Work required:
The entries need to be copied exactly as they stand, images left out.
*** Opening of Listed records ***
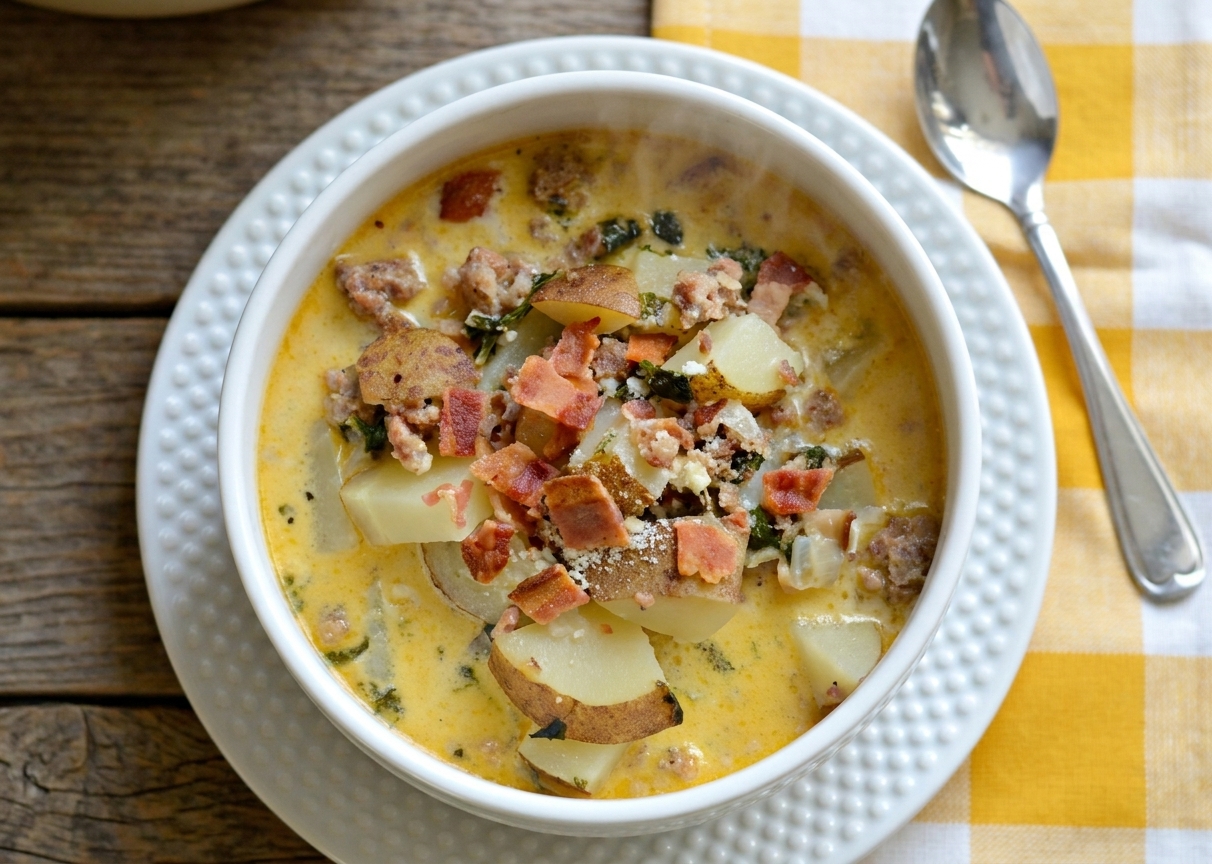 A warm bowl of creamy Zuppa Toscana topped with crispy bacon and grated Parmesan on a wooden table with a spoon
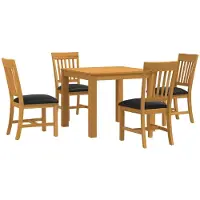 vidaXL Eetset, 5 stuks, zwart, massief eikenhout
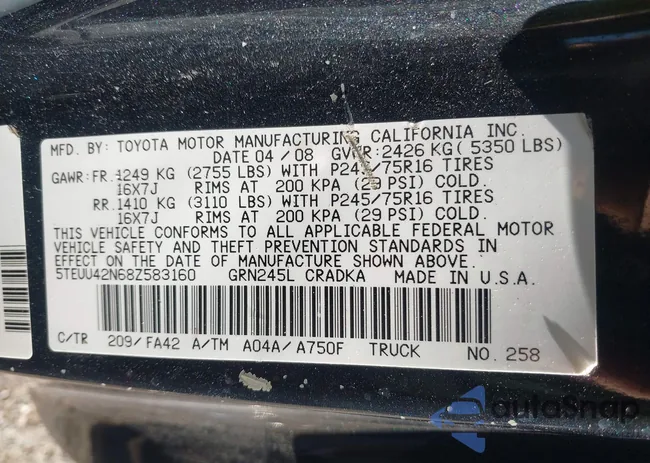 5TEUU42N68Z583160: 42909113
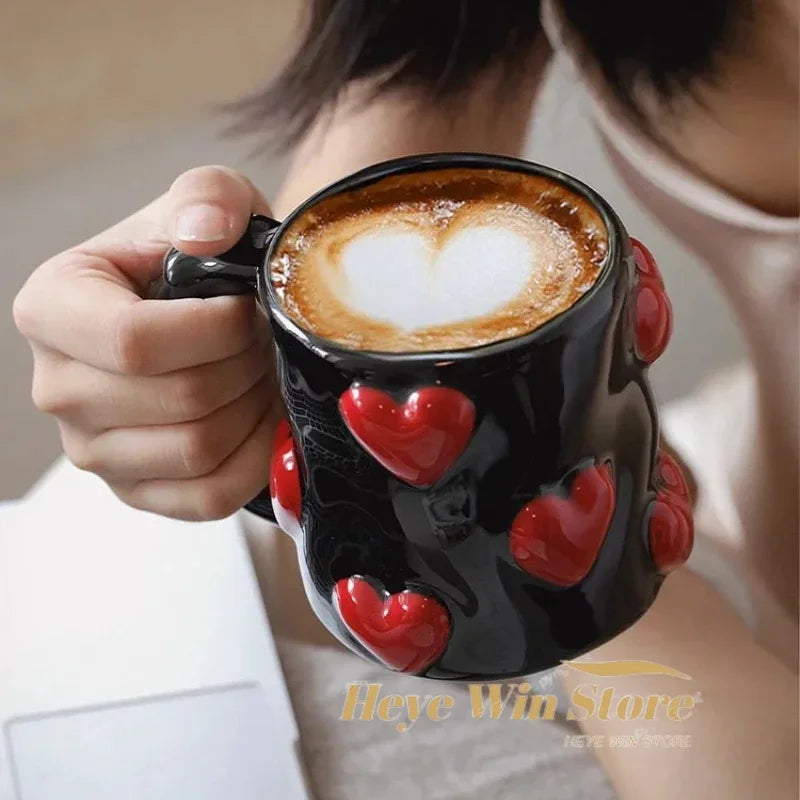 3D Heart-Shaped Ceramic Mug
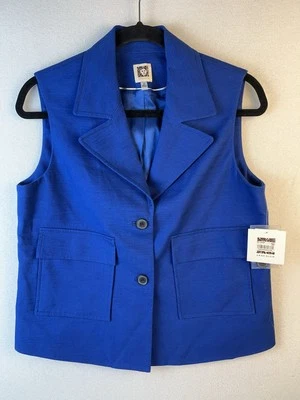 Nuevo con etiquetas Chaleco de Trabajo Anne Klein Mujer Top Talla 8 Azul Mariner Bolsillos Botón Muescas Foto 1 de 4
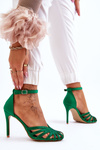 Fashion Vysoké podpatky s kamínky Zelená Jaylen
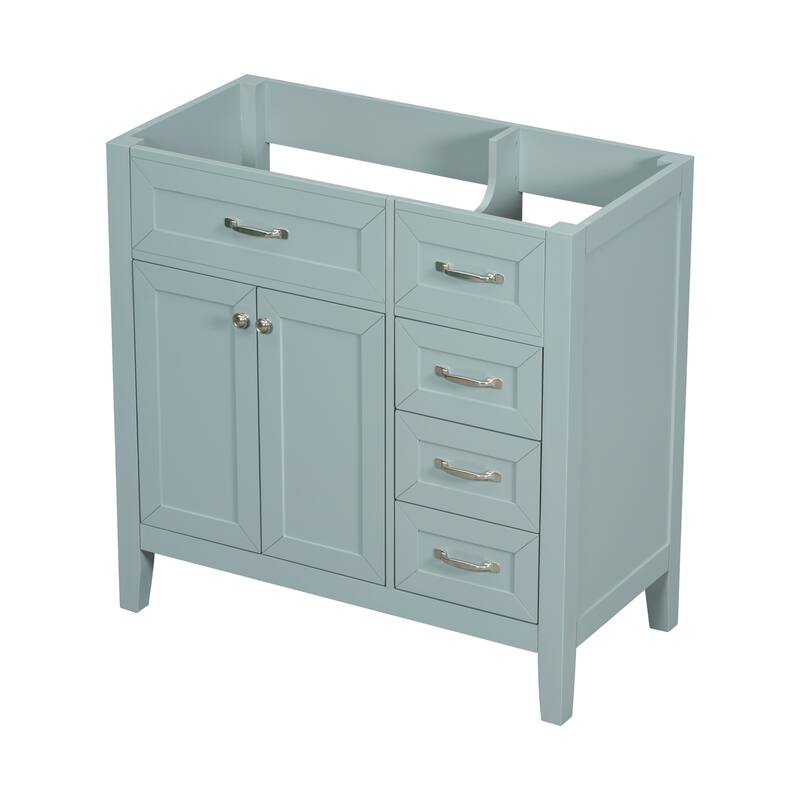 36" Modern White Bathroom Vanity Cabinet Base, 2 Doors & 3 Drawers, Solid Rubber Wood & MDF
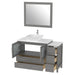48" Single Sink Modern Bathroom Vanity Set with White Engineered Marble Top & Free Mirror – Storage Cabinet with 5 Drawers VA3136-48 - HomeBeyond
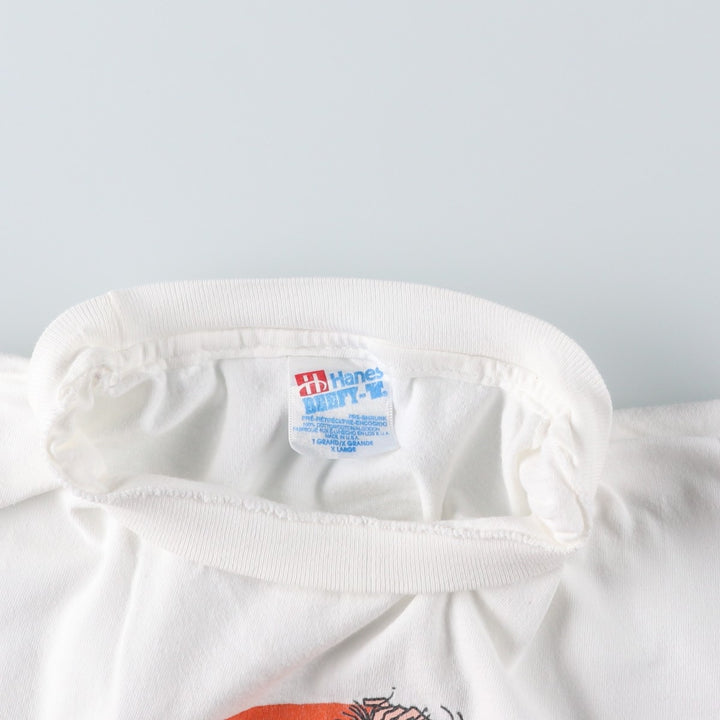 90'S Hanes BEEFY-T Printed T-shirt Made in USA Men's XL Vintage cotton white type Vintage Second Hand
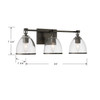 Minka-Lavery - 15023-749 - Three Light Vanity - Wynnfrost - Rustic Gun Metal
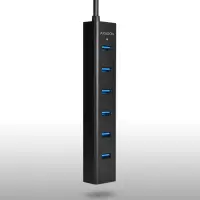 Axagon HUE-SA7BP jaotur USB 3.2 Gen 1 (3.1 Gen 1) Type-A 5000 Mbit/s Must – pilt 14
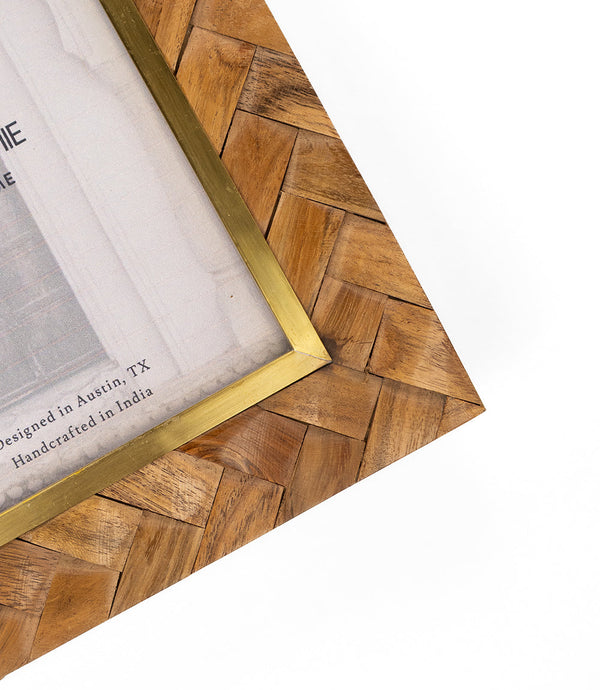 Herringbone Wood Brass Inlay Picture Frame
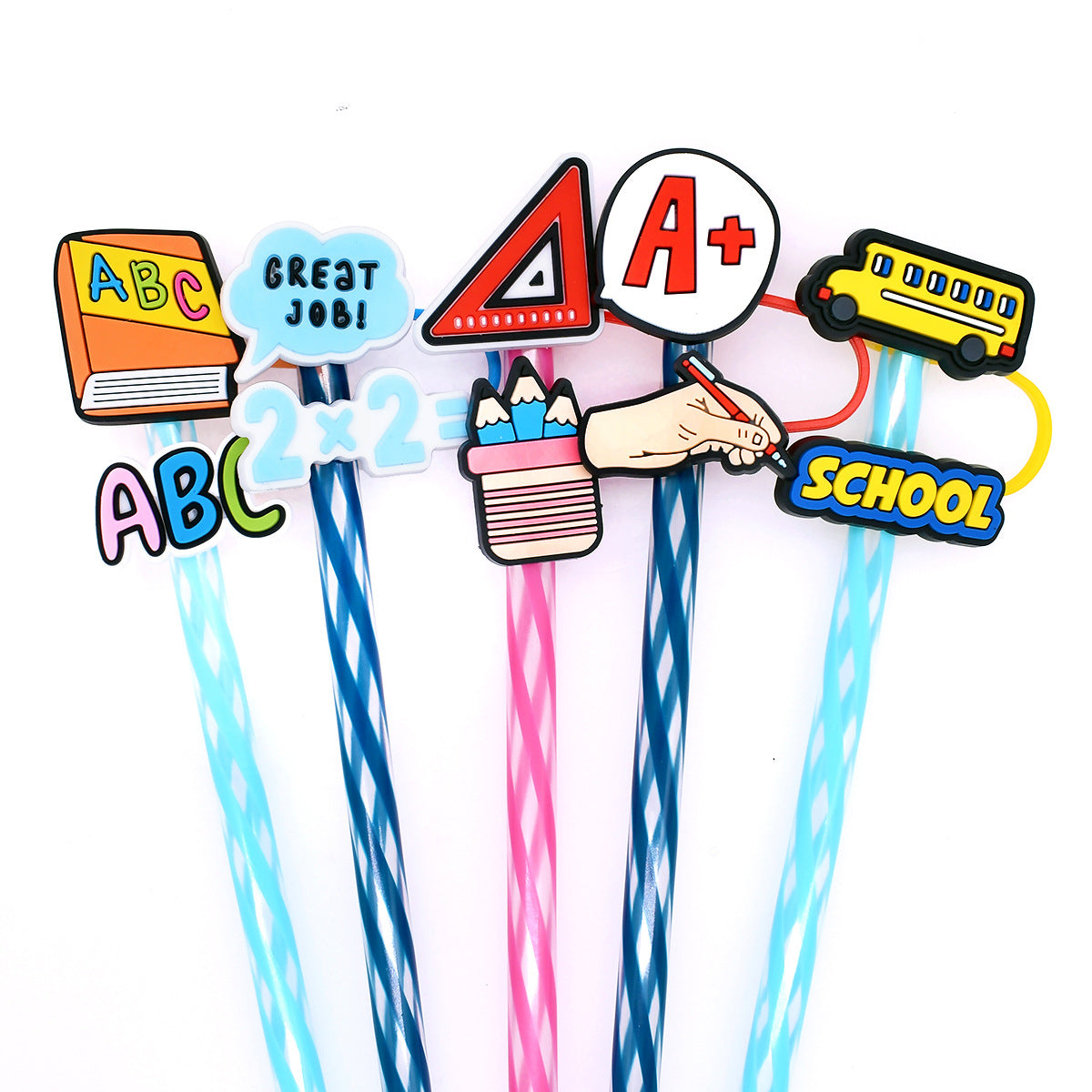 Wholesale Random Color 100pcs School Season Pencil Books Straw Tube Cap 10mm Soft Glue Straw Decoration Straw Cover ACC-SCR-RYY028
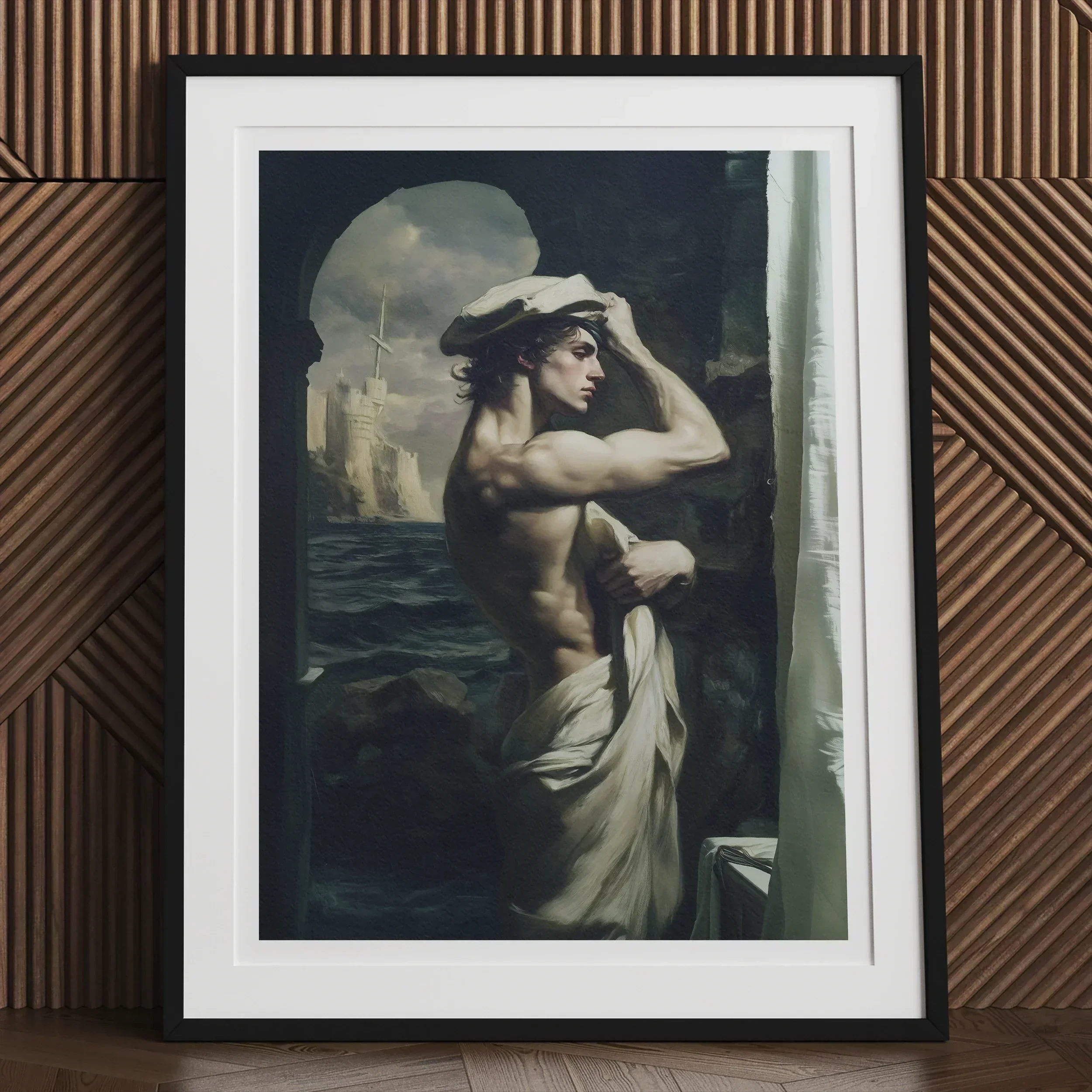 Bathsheba Neoclassical Gay Sailor Art Print, 24x32’’ / 61x81cm / Unframed, Framed Black White Photograph Partially Nude Figure Dramatic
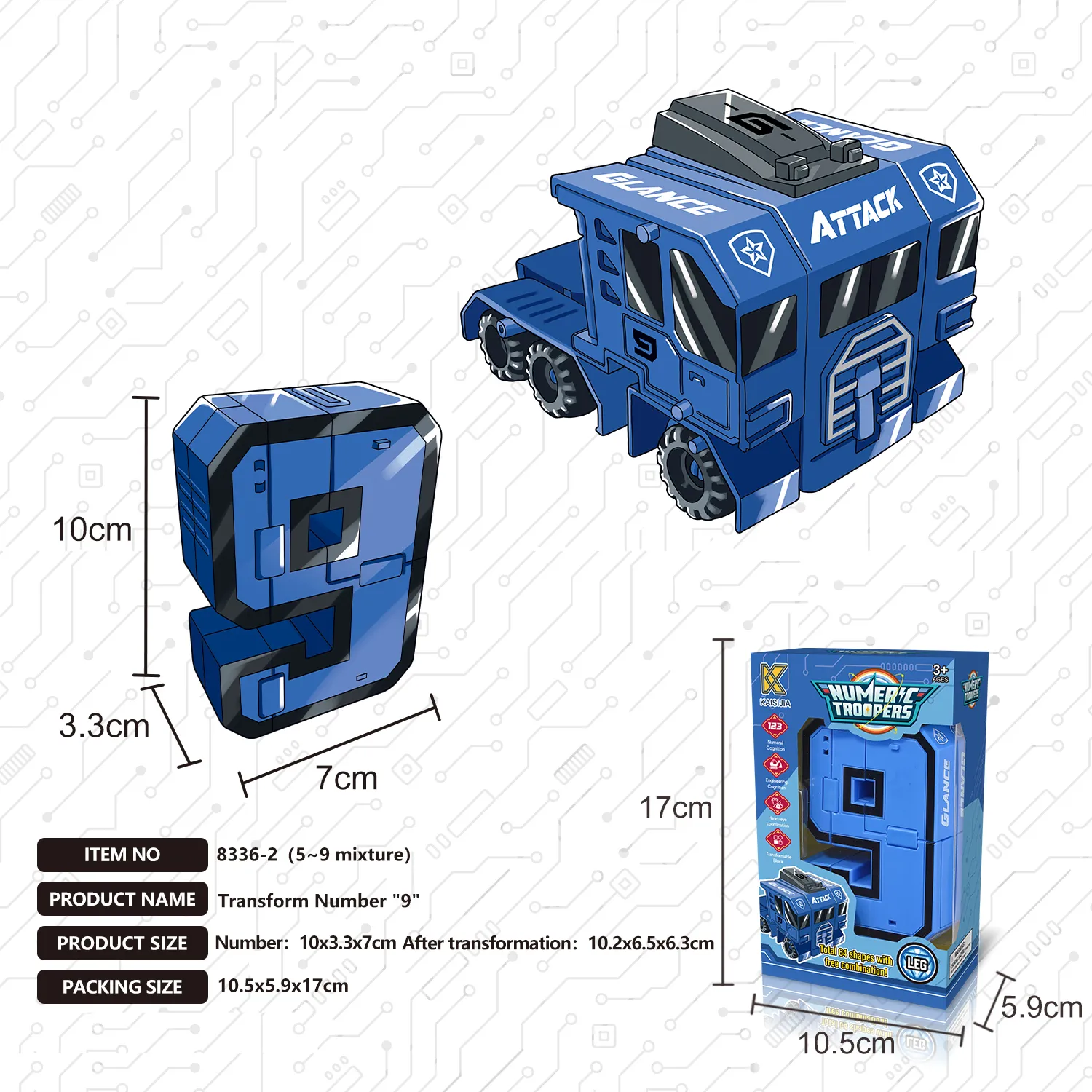 Creative Number Assembling Building Blocks Action Figure Robots Transformation Transportation Car Deform Number Math Toys Blue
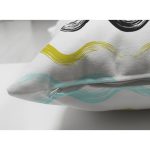 Çift Taraflı Beyaz Zemin Üzerinde Renkli Modern Zigzag Desenli Modern Süet Yastık Kırlent Kılıfı Realhomes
*** Close of Listed records ***
Solution below:
 A warm bowl of creamy Zuppa Toscana topped with crispy bacon and grated Parmesan on a wooden table with a spoon
 vidaXL Eetset, 5 stuks, zwart, massief eikenhout
 5TEUU42N68Z583160: 42909113
 3D Heart-Shaped Ceramic Mug
 Nuevo con etiquetas Chaleco de Trabajo Anne Klein Mujer Top Talla 8 Azul Mariner Bolsillos Botón Muescas Foto 1 de 4
 Fashion Vysoké podpatky s kamínky Zelená Jaylen
 36" Modern White Bathroom Vanity Cabinet Base, 2 Doors & 3 Drawers, Solid Rubber Wood & MDF
48" Single Sink Modern Bathroom Vanity Set with White Engineered Marble Top & Free Mirror – Storage Cabinet with 5 Drawers VA3136-48 - HomeBeyond
 90'S Hanes BEEFY-T Printed T-shirt Made in USA Men's XL Vintage cotton white type Vintage Second Hand
 Minka-Lavery - 15023-749 - Three Light Vanity - Wynnfrost - Rustic Gun Metal
 Axagon HUE-SA7BP jaotur USB 3.2 Gen 1 (3.1 Gen 1) Type-A 5000 Mbit/s Must – pilt 14
 Herringbone Wood Brass Inlay Picture Frame
 Wholesale Random Color 100pcs School Season Pencil Books Straw Tube Cap 10mm Soft Glue Straw Decoration Straw Cover ACC-SCR-RYY028
 Bathsheba Neoclassical Gay Sailor Art Print, 24x32’’ / 61x81cm / Unframed, Framed Black White Photograph Partially Nude Figure Dramatic
 Creative Number Assembling Building Blocks Action Figure Robots Transformation Transportation Car Deform Number Math Toys Blue
 Çift Taraflı Beyaz Zemin Üzerinde Renkli Modern Zigzag Desenli Modern Süet Yastık Kırlent Kılıfı Realhomes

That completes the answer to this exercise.